Examples of performance issues are, but not limited to:
- Needing to restart CDP frequently for any reason
- High resource utilization – Memory / CPU / Disk IO
- System performance is slow (slow response time)
- System outage (CDP shuts down unexpectedly)
Data to collect:
- Infrastructure and Environment configuration
- Network Topology (Number of forward proxies, number of reverse proxies, load balancers, etc.)
- Services running on each node (Container, MTA, MC, Cluster Manager)

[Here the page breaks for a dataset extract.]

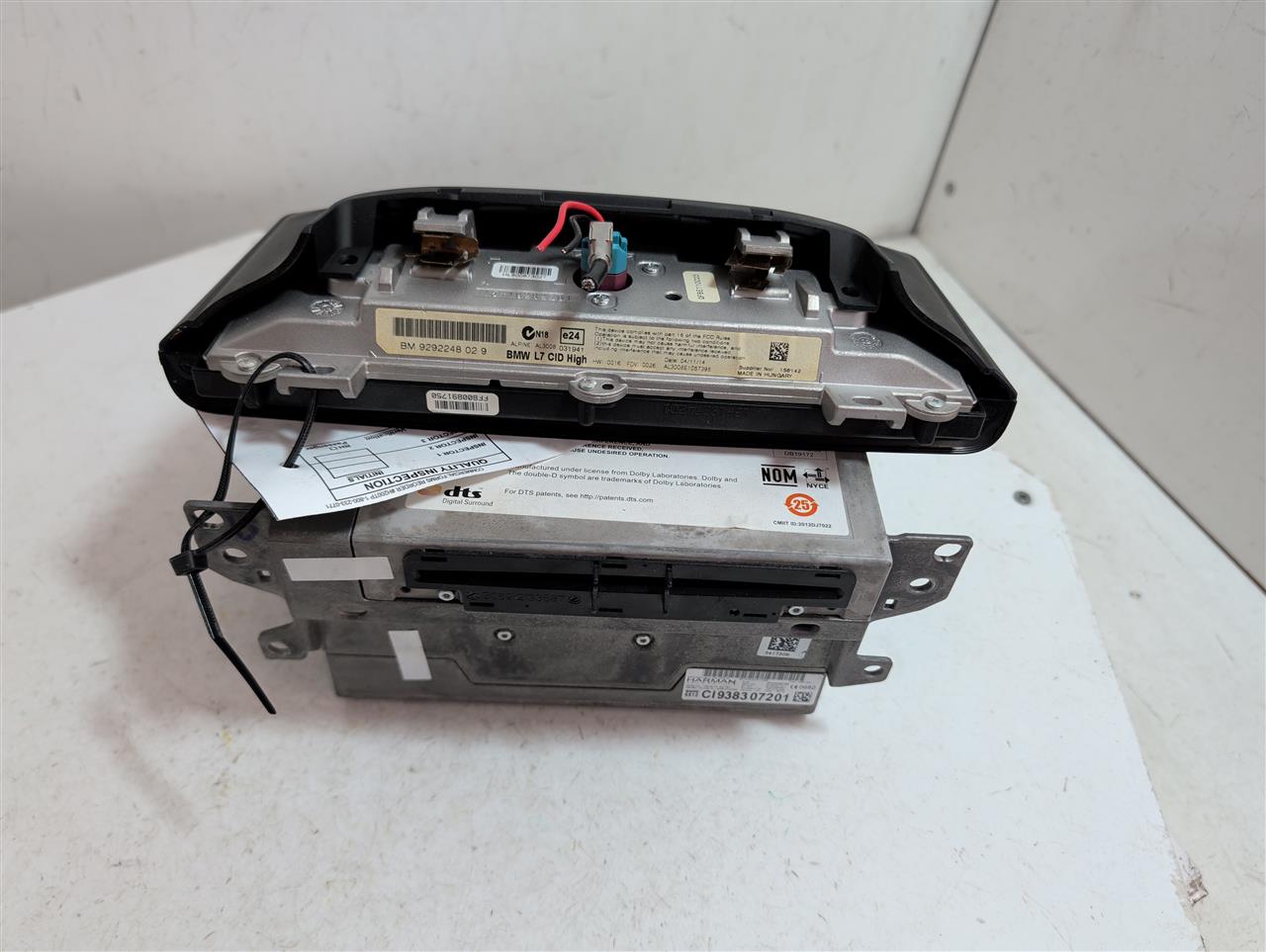 Part image 4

- Confirm that they are running one node with MC and container only
- Confirm they are running one reverse proxy on a separate node
- Server roles for containers: Traffic handling / generic / background service
- Get the arguments files and properties files all services
Management Console screenshots:
- Proxy module configuration page (Server and Client tabs)
- Instance configuration page (take multiple screenshots to capture whole page)
- Search Engine page
- Job Management page
JMX Data: Make sure JMX Monitoring script is running continuously in the background and capturing data properly. Provide the csv data file.
- Confirm script is running and collecting data by doing a “tail -f <hostname>.txt”. Make sure it is writing data every minute and the data looks good (not zeroes, not JMXNOK).
- Provide the <hostname>.txt
- If not already present, add the following line to the container arguments file: -XX:+HeapDumpOnOutOfMemoryError and restart the container
Logs: Zip up entire logs directory on each node, containing container, access, cassandra, and console logs
- Output of top command
- Output of free -h
- Output of ulimit -a
- Thread Dump: Create a thread dump by issuing the following command: kill -3 <pid of container>
- Create a thread dump every 4 hours for 24 hours, and during a system performance event, if possible
Heap Dumps: There are two types of heap dumps – one that contains everything in the heap currently, and one that runs garbage collection first and then produces a heap dump. Both of them are useful
- Command for normal heap dump: jmap -dump:format=b,file=container.hprof <pid of container>
- Command for garbage collected heap dump: jmap -dump:live,format=b,file=container_live.hprof <pid of container>
- Please run both commands during normal operations to get a baseline, and then try and run both commands during a system performance event, if possible
- The “HeapDumpOnOutOfMemoryError” argument automatically creates a heap dump on out of memory error. Grab this as well.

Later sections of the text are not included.